• [GIVEN INFORMATION]:
++++++++++++++++++++
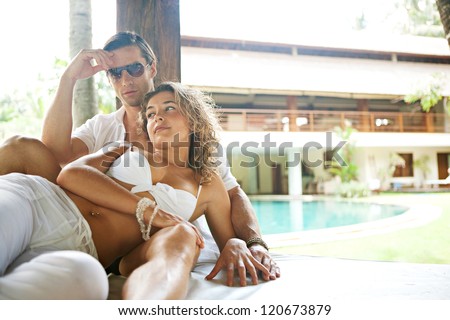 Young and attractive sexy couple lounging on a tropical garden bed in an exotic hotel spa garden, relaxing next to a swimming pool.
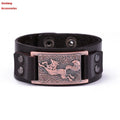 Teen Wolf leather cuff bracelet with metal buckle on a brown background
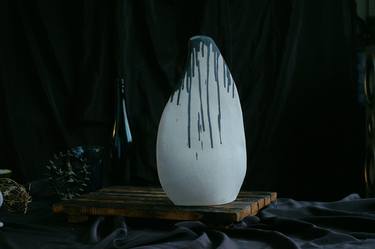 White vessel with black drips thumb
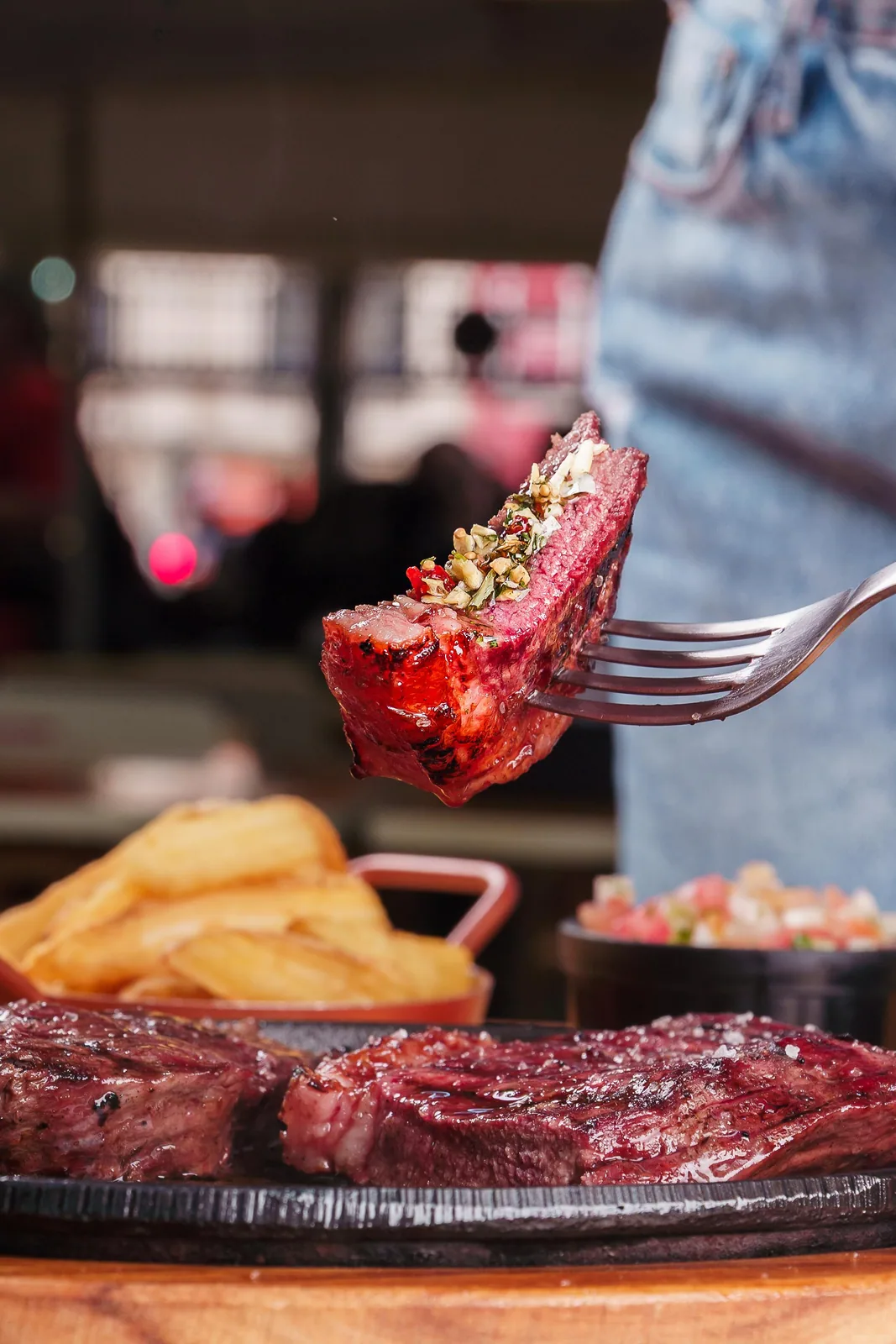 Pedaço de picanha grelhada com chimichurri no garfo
++++++++++++++++++++
Starting with the line that contains "Teen Wolf leather", reproduce every line to the end of the material above, both end lines included, exactly and with no pictures.

 Teen Wolf leather cuff bracelet with metal buckle on a brown background
 White vessel with black drips thumb
 Pedaço de picanha grelhada com chimichurri no garfo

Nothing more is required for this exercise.